Voice signals are transmitted over a packet network by first formatting the voice signal data stream into multiple discrete packets. In a Voice Over Internet Protocol (VoIP) call, an originating voice gateway quantizes an input audio stream into packets that are placed onto a packet network and routed to a destination voice gateway. The destination voice gateway decodes the packets back into a continuous digital audio stream that resembles the input audio stream. As an option, a compression or decompression algorithm may be used on the quantized digital audio stream to reduce the communication bandwidth required for transmitting the audio packets over the network.
Similar to conventional Internet Protocol, VoIP includes a plurality of layers. Prior Art FIG. 1 illustrates a plurality of exemplary well known layers 10 associated with VoIP. As shown, such layers include at least one application layer 12 and a plurality of session layers 14 positioned below the application layer 12. While not shown, at least one connection layer may be positioned below the session layer. By way of example, the application layer 12 may include H.323. H.323 is a standard approved by the International Telecommunication Union (ITU) in 1996 to promote compatibility in videoconference transmissions over IP networks. Further included as session layers are H.225.0, H.245, real-time transport protocol (RTP), and real-time transport control protocol (RTCP). It should be noted that VoIP calls can employ various protocols for communication purposes.
The Quality of Service (QoS) of VoIP calls can degrade due to congestion on the packet network or failure of network processing nodes in the packet network. Quality of service can include anything from call sound quality to the ability and responsiveness of the VoIP network in establishing new VoIP calls. IP network reliability has not been proven to be in the same class as a traditional switched Public Services Telephone Network (PSTN).
Due to a need to understand, troubleshoot and optimize a particular network to improve VoIP calls, there is an on-going desire for traditional network assessment tools to be tailored to monitor network parameters specific to VoIP calls. Network assessment tools referred to as xe2x80x9canalyzersxe2x80x9d are often relied upon to analyze networks communications at a plurality of layers. One example of such analyzers is the SNIFFER ANALYZER(trademark) device manufactured by NETWORK ASSOCIATES, INC(trademark). Analyzers have similar objectives such as determining why network performance is slow, understanding the specifics about excessive traffic, and/or gaining visibility into various parts of the network.
As mentioned earlier, network analyzers collect information at a plurality of layers. Each set of layer-specific data is conventionally stored in a buffer xe2x80x9cobjectxe2x80x9d by the network analyzer. In particular, a session object, an application object, etc. are each used to store network traffic information at session and application layers, respectively. Further, each specific type of voice protocol data may be stored in a dedicated object.

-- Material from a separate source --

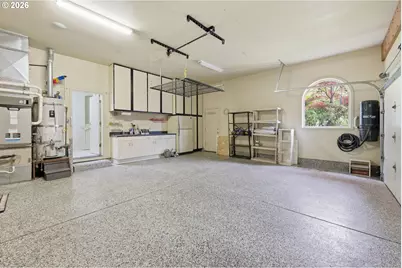 2216 Lakeview Dr, Eugene, OR 97408 - Photo 46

In use, a separate object is established for data collected at each application and session layer for each VoIP call. With the number of such objects growing proportionally with the overall VoIP calls and the number of voice protocols associated therewith, managing related network data for monitoring, reporting and analysis purposes may become quite cumbersome.
There is thus a need for a more efficient and effective technique for collecting and managing VoIP call network data for analysis purposes.
A system, method and computer program product are provided for filtering various voice protocols. A plurality of voice protocols is initially displayed. Next, an indication is received from a user as to the selection of the voice protocols. It is further determined as to a particular filtering mode that is currently operating. Next, the selected voice protocols are filtered in the determined filtering mode.
In one embodiment, the voice protocols may include H.323, H.225, H.245, registration admission status protocol (RAS), real-time transport protocol (RTP), real-time transport control protocol (RTCP), session description protocol (SDP), session announcement protocol (SAP), session initiation protocol (SIP), skinny client control protocol (SCCP), and/or media gateway control protocol (MGCP). Further, the filtering modes may include a monitor mode, a capture mode, and/or a display mode.
In another embodiment, the voice protocols may be displayed in response to the selection of a filter icon. Moreover, the voice protocols may be selected utilizing a plurality of check boxes. Still yet, the filtering may be displayed in a tree representation for reporting purposes.
Another system, method and computer program product are provided for filtering various voice protocols. Initially, a plurality of voice protocol filters is displayed. An indication is then received from a user as to the selection of at least one of the voice protocol filters. Next, a plurality of voice protocols associated with the selected voice protocol filter is displayed. Another indication from the user is received as to the selection of the voice protocols to be associated with the voice protocol filter.
During an analysis, a voice application call is then identified, and a plurality of connection, session, and application objects associated with the voice application call are collected based on the selected voice protocols. Such connection objects, session objects, and application objects are subsequently displayed. By allowing a user to select the voice protocol filters and further define the same, the collection and analysis of the connection, session, and application objects is more focused and manageable.